Web page caption snippets
════════════════

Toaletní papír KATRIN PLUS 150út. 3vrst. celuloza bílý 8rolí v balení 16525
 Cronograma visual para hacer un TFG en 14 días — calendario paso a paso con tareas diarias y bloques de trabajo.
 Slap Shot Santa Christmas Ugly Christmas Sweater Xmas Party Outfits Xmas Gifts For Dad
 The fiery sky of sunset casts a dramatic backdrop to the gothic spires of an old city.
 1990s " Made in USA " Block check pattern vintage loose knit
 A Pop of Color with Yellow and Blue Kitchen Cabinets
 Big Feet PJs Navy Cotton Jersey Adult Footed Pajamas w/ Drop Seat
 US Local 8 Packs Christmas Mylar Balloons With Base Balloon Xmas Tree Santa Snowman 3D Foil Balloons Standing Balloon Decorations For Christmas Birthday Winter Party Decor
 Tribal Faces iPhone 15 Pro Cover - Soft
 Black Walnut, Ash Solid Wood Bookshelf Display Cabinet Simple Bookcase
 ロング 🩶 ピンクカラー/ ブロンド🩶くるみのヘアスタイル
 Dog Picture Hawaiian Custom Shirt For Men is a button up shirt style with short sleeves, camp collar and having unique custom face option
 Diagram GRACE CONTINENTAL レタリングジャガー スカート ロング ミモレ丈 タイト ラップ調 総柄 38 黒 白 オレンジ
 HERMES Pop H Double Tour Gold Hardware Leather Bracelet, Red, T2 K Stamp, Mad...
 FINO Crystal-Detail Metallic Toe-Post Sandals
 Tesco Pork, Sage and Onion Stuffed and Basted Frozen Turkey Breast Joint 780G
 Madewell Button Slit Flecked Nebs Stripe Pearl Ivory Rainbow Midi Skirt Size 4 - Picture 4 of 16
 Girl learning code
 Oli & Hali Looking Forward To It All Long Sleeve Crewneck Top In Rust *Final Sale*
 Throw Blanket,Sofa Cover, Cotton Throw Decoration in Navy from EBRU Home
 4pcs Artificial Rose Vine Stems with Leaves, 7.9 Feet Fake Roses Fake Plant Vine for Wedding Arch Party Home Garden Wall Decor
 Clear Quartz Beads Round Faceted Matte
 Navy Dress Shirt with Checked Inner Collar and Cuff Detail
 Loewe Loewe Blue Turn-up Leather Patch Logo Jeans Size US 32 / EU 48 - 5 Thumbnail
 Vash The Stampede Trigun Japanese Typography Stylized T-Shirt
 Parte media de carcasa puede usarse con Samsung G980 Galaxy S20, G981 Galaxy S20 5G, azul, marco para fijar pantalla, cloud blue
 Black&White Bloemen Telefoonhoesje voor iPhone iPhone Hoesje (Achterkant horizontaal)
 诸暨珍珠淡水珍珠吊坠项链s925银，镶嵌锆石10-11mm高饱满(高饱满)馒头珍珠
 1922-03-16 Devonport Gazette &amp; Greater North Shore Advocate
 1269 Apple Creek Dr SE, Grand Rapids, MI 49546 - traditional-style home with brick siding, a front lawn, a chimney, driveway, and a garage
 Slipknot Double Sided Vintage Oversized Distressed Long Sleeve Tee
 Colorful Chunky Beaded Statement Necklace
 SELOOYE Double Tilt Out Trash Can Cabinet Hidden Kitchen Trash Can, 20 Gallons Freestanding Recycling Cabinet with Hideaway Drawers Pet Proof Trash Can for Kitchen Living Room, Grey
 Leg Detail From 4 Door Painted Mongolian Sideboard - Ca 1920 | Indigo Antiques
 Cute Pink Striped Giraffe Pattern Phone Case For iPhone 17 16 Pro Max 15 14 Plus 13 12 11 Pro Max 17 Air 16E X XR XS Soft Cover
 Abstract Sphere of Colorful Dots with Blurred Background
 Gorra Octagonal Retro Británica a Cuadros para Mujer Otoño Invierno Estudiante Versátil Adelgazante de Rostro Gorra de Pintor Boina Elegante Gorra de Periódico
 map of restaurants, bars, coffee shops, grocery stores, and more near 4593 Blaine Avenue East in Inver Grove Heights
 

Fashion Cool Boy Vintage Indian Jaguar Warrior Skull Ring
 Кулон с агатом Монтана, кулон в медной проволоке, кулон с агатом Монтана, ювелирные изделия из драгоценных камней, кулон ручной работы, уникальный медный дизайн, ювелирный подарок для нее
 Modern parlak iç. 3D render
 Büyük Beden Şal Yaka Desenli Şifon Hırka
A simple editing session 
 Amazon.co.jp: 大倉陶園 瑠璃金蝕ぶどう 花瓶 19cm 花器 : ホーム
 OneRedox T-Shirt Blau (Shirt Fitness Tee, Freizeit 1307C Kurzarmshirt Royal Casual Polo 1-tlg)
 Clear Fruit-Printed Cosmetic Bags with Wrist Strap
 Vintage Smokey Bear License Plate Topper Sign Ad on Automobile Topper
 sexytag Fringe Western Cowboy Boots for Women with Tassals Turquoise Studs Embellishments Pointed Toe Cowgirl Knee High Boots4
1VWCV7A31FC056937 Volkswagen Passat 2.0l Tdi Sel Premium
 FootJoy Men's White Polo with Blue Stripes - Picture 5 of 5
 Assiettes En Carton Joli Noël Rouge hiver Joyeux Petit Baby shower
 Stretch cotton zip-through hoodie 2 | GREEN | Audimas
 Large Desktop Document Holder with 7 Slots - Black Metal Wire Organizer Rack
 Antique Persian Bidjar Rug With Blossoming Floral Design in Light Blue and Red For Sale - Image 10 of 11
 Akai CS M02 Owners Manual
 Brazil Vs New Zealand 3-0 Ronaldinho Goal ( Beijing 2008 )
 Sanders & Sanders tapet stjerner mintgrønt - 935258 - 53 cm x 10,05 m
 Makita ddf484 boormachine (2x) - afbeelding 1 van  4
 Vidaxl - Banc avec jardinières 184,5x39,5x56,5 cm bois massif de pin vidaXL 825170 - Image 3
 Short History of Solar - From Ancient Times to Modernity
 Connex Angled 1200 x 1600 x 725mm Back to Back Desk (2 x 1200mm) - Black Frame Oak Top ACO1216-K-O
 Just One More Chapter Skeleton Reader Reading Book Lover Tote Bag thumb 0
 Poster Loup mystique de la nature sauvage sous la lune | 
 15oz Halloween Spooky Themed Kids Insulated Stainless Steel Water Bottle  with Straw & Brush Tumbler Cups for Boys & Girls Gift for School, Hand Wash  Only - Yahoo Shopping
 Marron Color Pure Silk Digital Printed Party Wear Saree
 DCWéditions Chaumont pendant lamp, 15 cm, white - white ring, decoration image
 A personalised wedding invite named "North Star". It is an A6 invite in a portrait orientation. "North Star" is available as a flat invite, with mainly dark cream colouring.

════════════════

Task prompt: Your task is to return each line of the data above that contains the string "style".

Task result:
 Dog Picture Hawaiian Custom Shirt For Men is a button up shirt style with short sleeves, camp collar and having unique custom face option
 1269 Apple Creek Dr SE, Grand Rapids, MI 49546 - traditional-style home with brick siding, a front lawn, a chimney, driveway, and a garage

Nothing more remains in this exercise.